EXERCISE DIRECTIONS:
For the records below, copy exactly the span that begins at the line containing "Mostra Feminina do" and stops after the line containing "Kio Yamato Kt-324 Eyeglasses", minus any pictures.

INPUT:

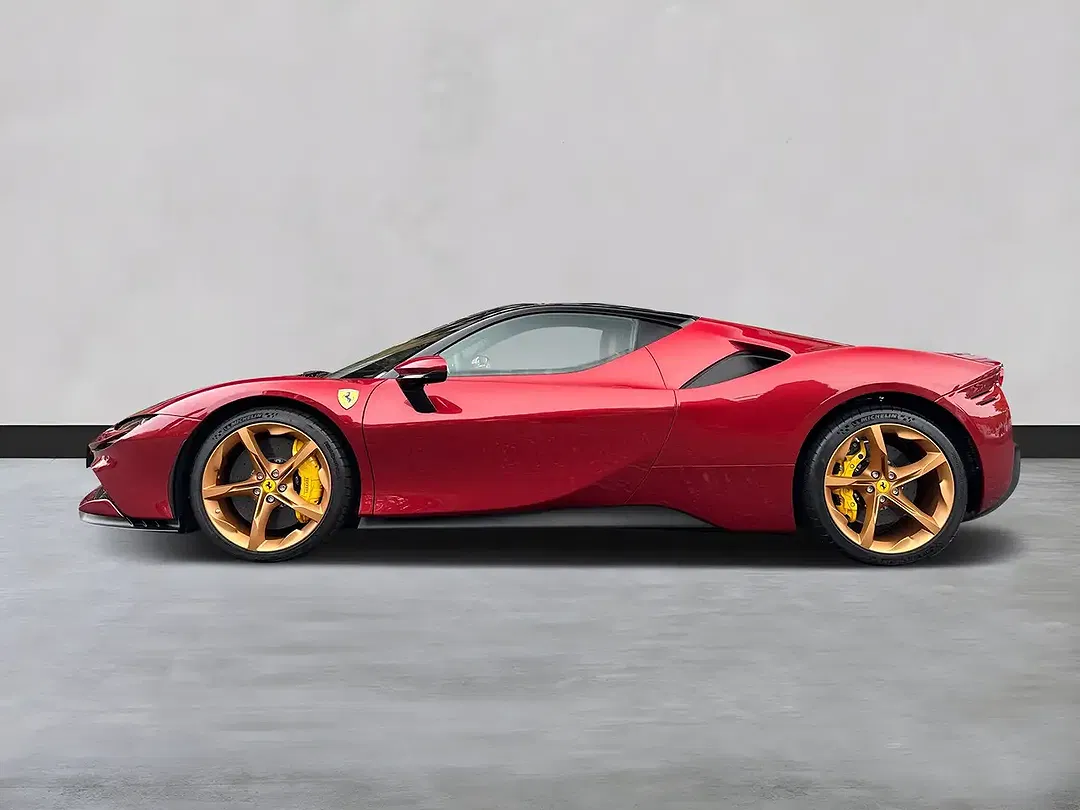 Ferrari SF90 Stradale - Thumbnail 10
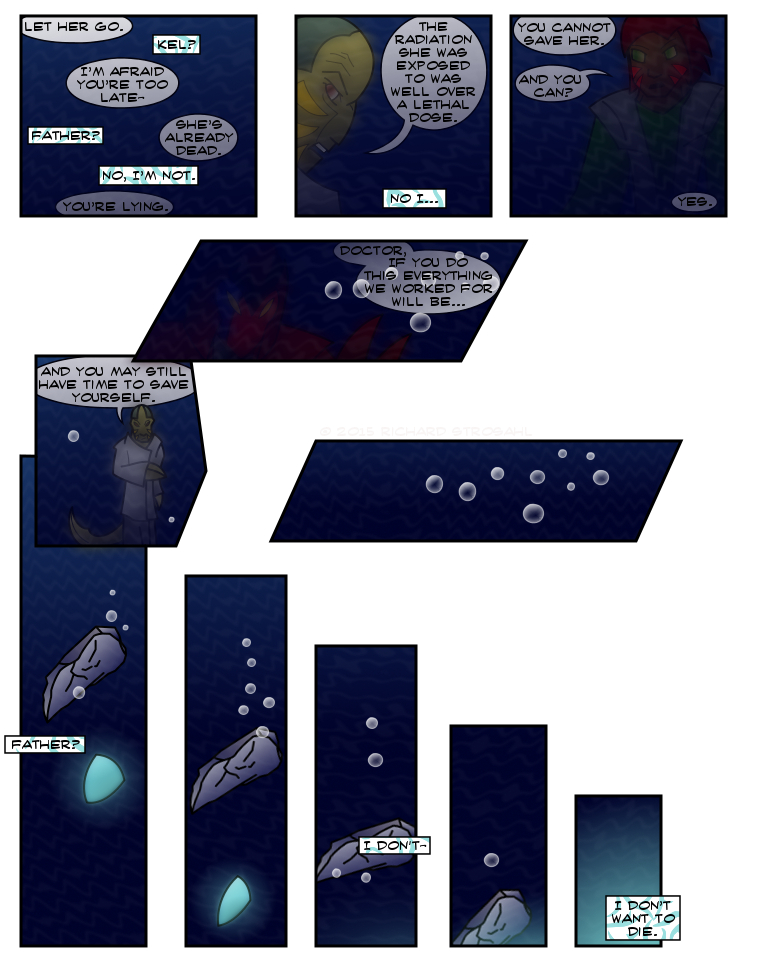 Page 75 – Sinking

* * *

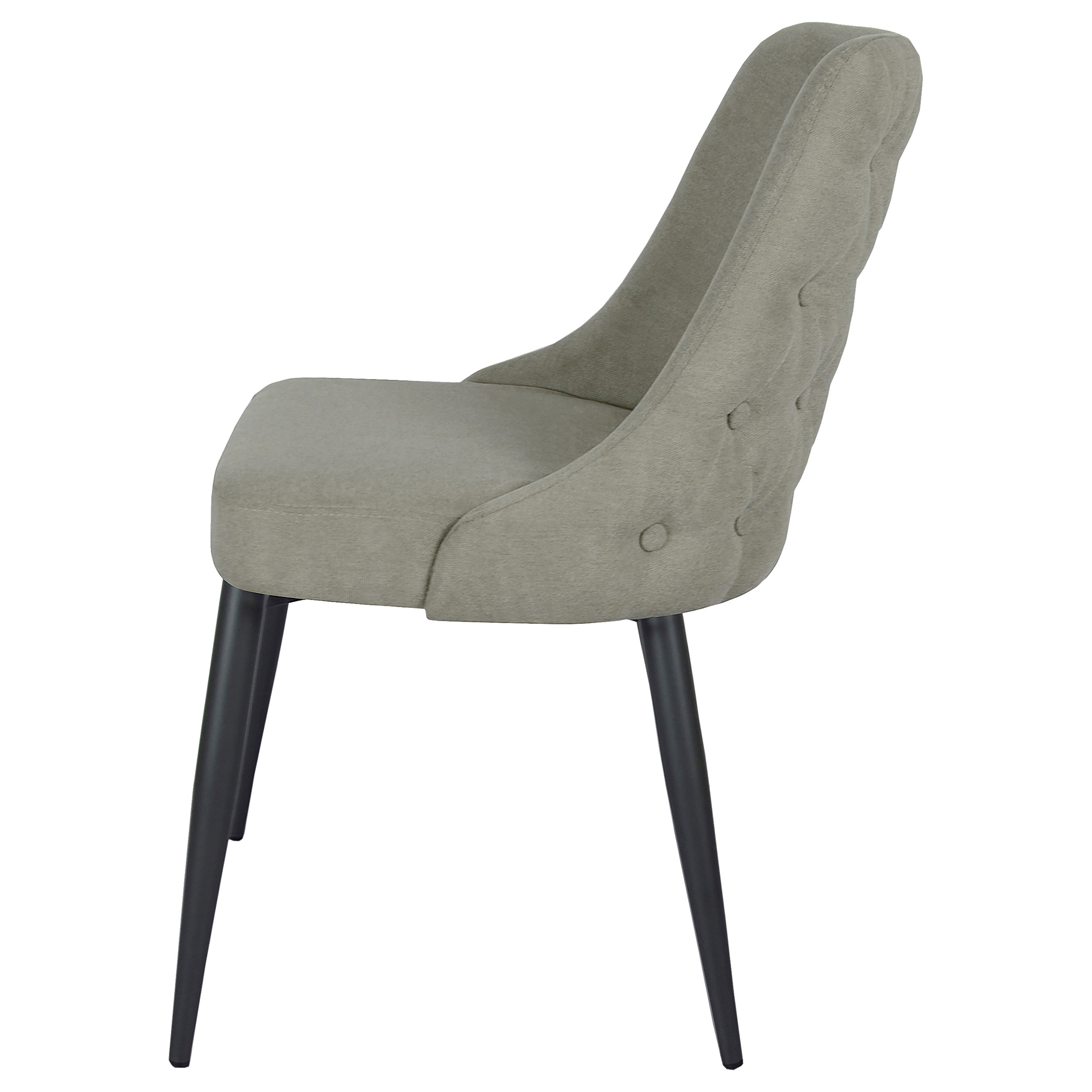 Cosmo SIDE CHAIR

...

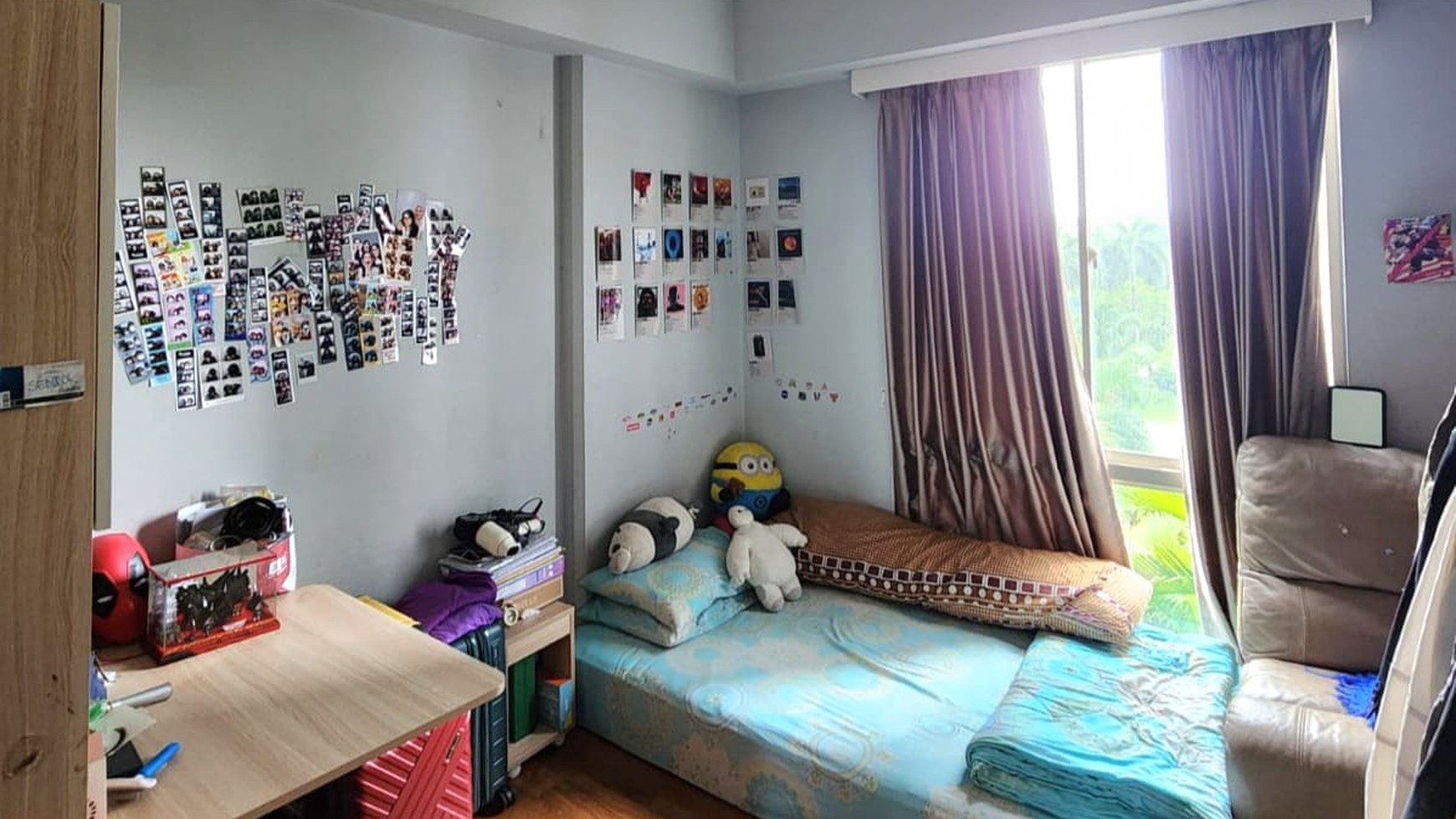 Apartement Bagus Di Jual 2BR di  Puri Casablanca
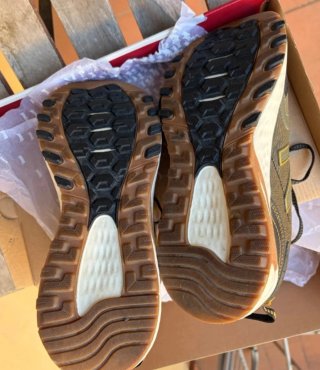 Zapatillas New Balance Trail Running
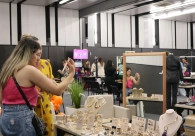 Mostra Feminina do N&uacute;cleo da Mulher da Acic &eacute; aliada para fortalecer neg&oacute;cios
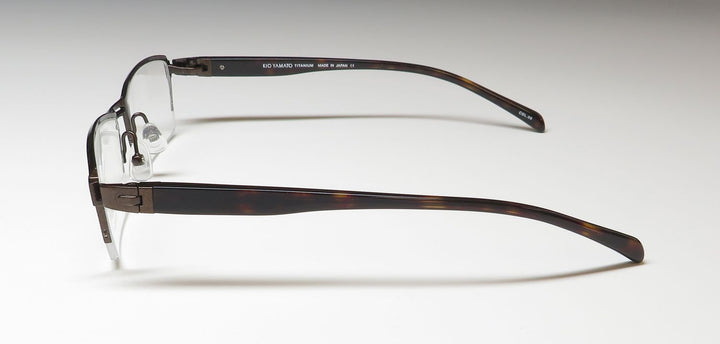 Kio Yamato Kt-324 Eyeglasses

WRITTEN ANSWER:
 Mostra Feminina do N&uacute;cleo da Mulher da Acic &eacute; aliada para fortalecer neg&oacute;cios
 Kio Yamato Kt-324 Eyeglasses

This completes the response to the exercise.